[Data shown]
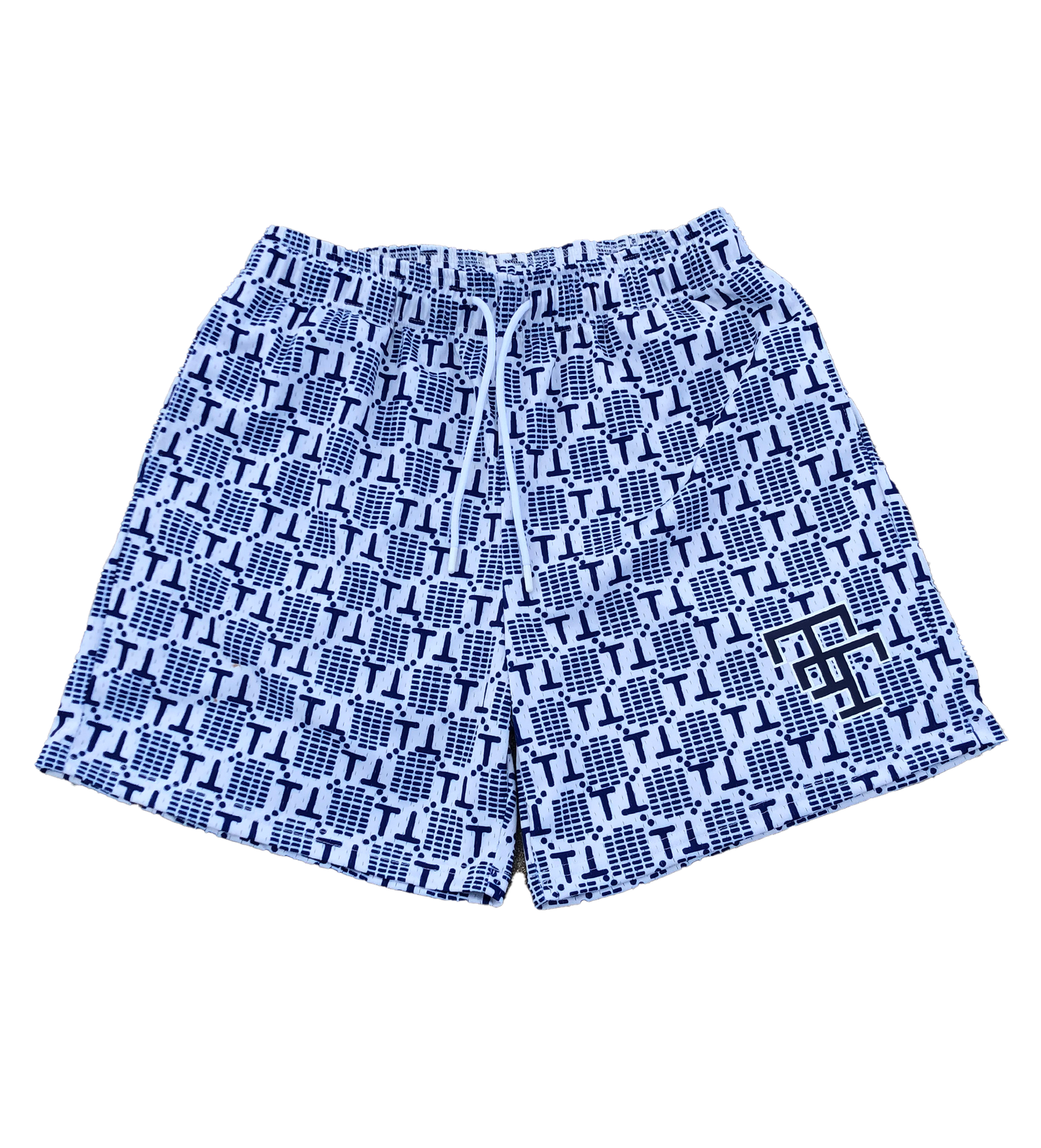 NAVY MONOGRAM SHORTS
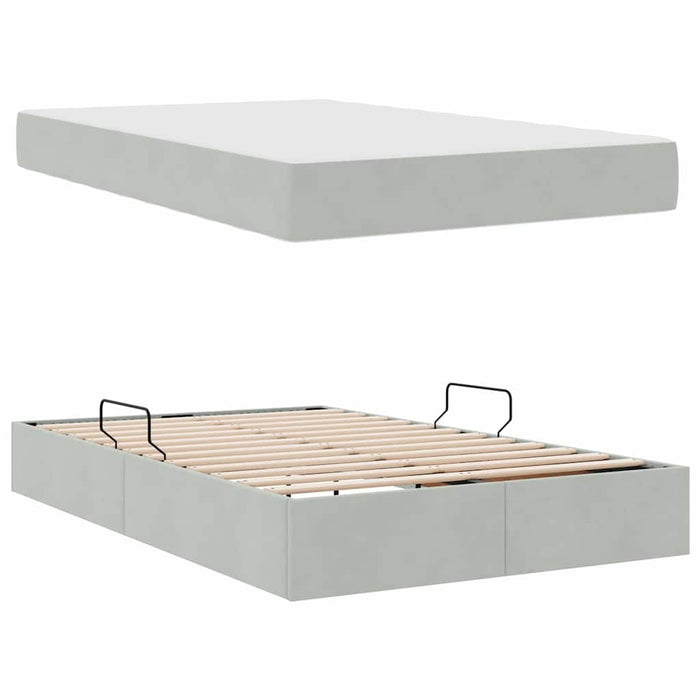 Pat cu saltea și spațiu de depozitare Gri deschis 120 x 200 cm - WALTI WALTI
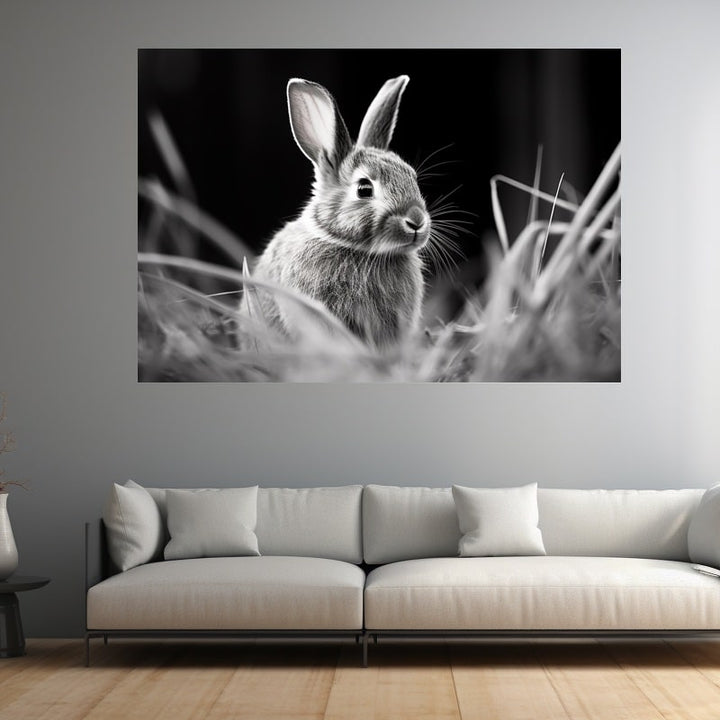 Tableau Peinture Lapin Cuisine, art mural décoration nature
[/Data shown]
* [What the task asks] The job here is to retype the data exactly, with no pictures included.

* [Response]
 NAVY MONOGRAM SHORTS
 Pat cu saltea și spațiu de depozitare Gri deschis 120 x 200 cm - WALTI WALTI
 Tableau Peinture Lapin Cuisine, art mural décoration nature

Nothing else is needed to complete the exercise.